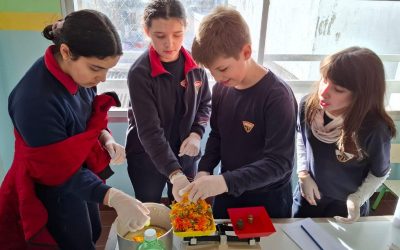 De la huerta al plato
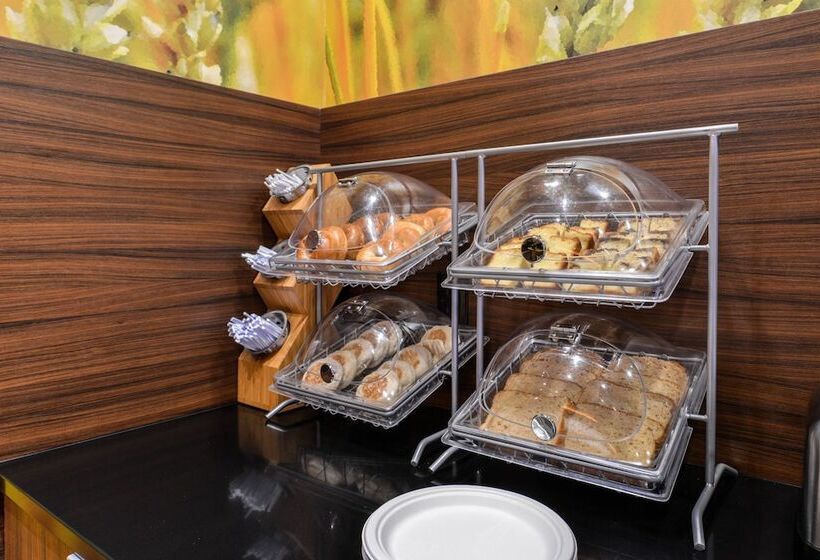 هتل Fairfield Inn & Suites By Marriott Eugene East/springfield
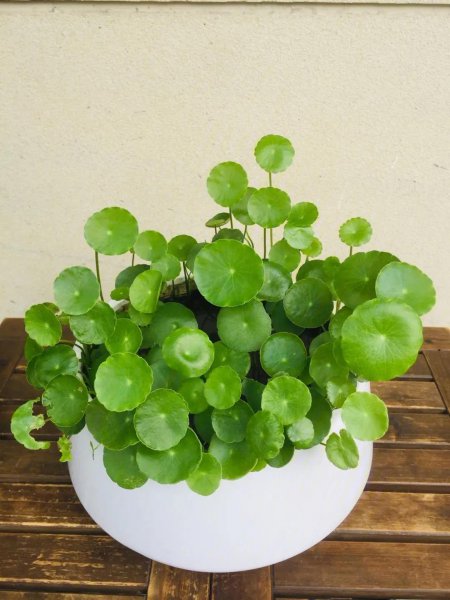 哪些盆栽花好看又好养活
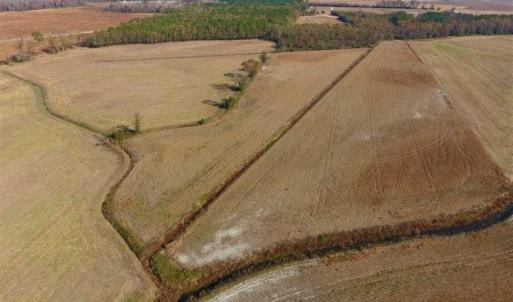 Photo of SOLD!!  42.75 Acres of Farm and Timber Land For Sale in Craven County NC!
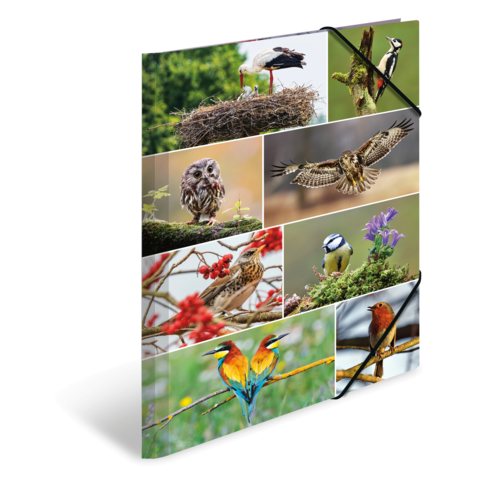 Eine Collage mit verschiedenen Vogelarten, darunter Störche, Eulen, Spechte und Papageien, in unterschiedlichen Posen und Umgebungen.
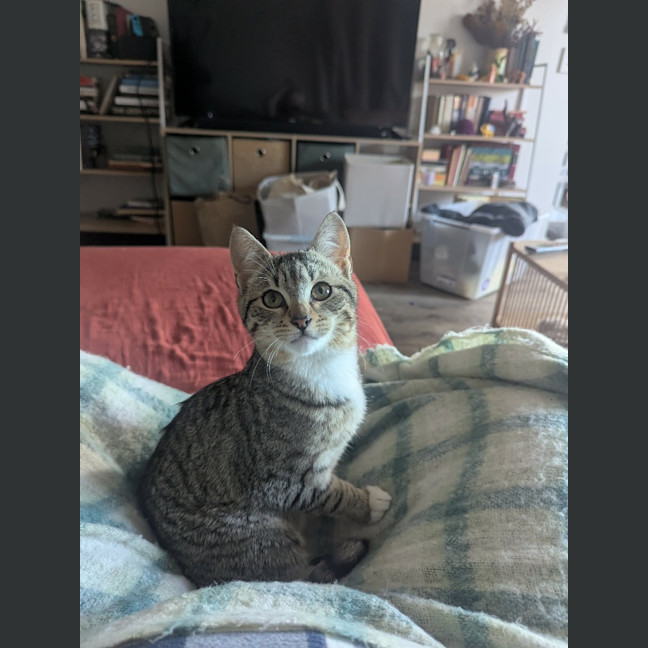 Photo of Artemis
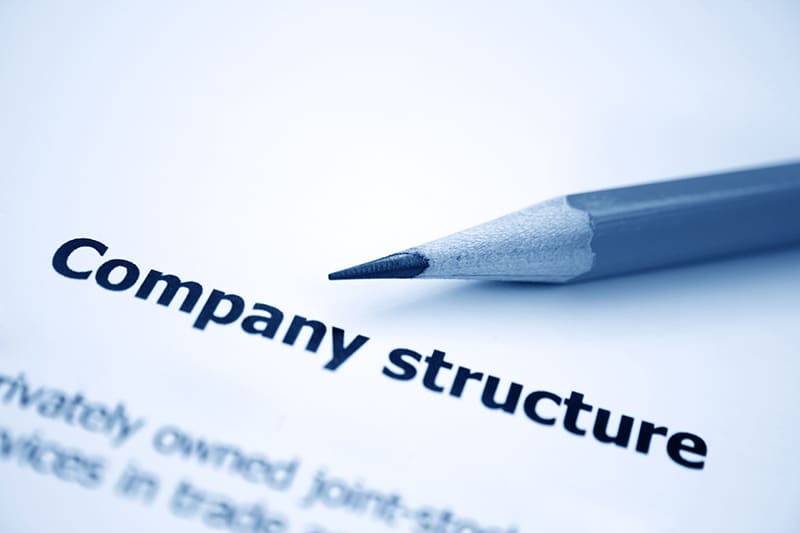 Company structure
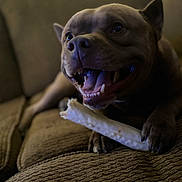 Boy joined the competition — help win amazing prizes! animal, bone, brown, canine, chewing, closeup, companion, couch, dog, furniture, happy, home, indoor, paw, pet, relaxed, smiling, teeth, texture, tongue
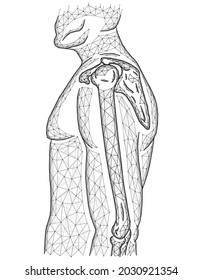 Polygonal vector illustration of shoulder and elbow joints, human body model made from line and dots, side view.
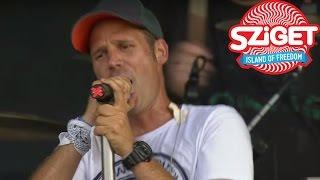 Ocho Macho Live @ Sziget 2015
═══
**WORK TO COMPLETE:**
Each line from the start of the entries above through the line with "Photo of SOLD!!" should be duplicated exactly, leaving out the pictures.

**EXPECTED OUTPUT:**
 De la huerta al plato
 هتل Fairfield Inn & Suites By Marriott Eugene East/springfield
 哪些盆栽花好看又好养活
 Photo of SOLD!!  42.75 Acres of Farm and Timber Land For Sale in Craven County NC!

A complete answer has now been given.